For a product to make it into the mainstream, early adopters have to like a product enough to undertake the often impossible task of convincing more cautious developers that new technology X is worth adopting. Technologies such as Hibernate or the Spring Framework take years to become established products. Some products, like Maven, have a hard time becoming established because they either lack sufficient documentation or have difficulty challenging well established products like Ant. I’m interested in this blind spot in the process, the time between the buzz producing introduction and early adoption to large-scale adoption usually takes months to years, and is difficult to chart because, in many ways, it is viral. HIbernate didn’t take the world by storm as much as it slowly reached a critical mass of self-sustaining adoption. A failed project like OJB certainly generated a buzz at one time, but it failed to make good on promises - in that case early adopters actively discouraged others from using it in favor of Hibernate. Turning our attention to the Google Web Toolkit (GWT)

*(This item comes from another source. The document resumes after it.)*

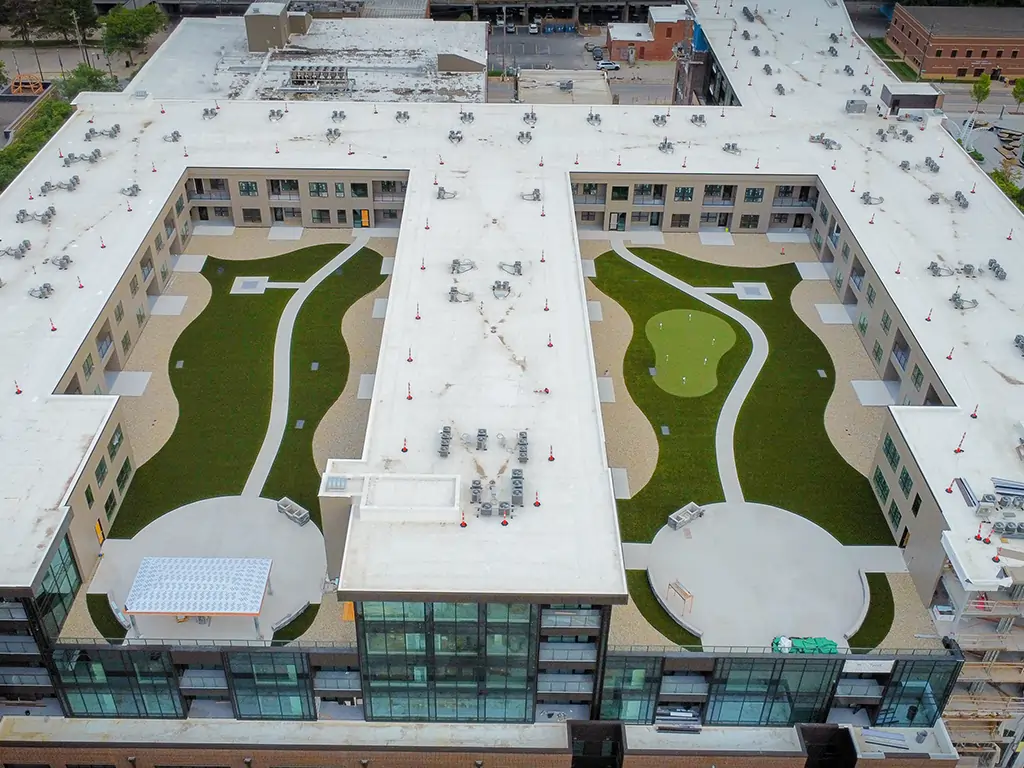 Drone shot of commercial artificial grass rooftop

Where is GWT in this process?

GWT seems to be in the middle of this early-adopters stage. The initial buzz has worn off, we saw a flurry of articles and blog posts about GWT, and it appears that we’re waiting for this first class of GWT adopters to report back on experiences with the GWT. We’re waiting for the first public site to show us what is possible with the GWT. My more cautious colleagues are avoiding it altogether, actively disparaging it as a bad idea altogether. Risk averse developers tend to criticize most new technologies until they have been demonstrably proven to work in a real-world situation - “Maven ‘Sucks’ until they see that IBM is using it, etc”. Those developers that have the ability to take risks are taking the framework out for a test drive. Of these early adopters one has sworn it off completely as inappropriate for his organization, “It reminded him too much of Swing”. Another colleague has embraced the idea in principle, but doesn’t have the time to integrate it into his existing web application. In terms of adoption where is the Google Web Toolkit? What is the experience of the early adopter crowd?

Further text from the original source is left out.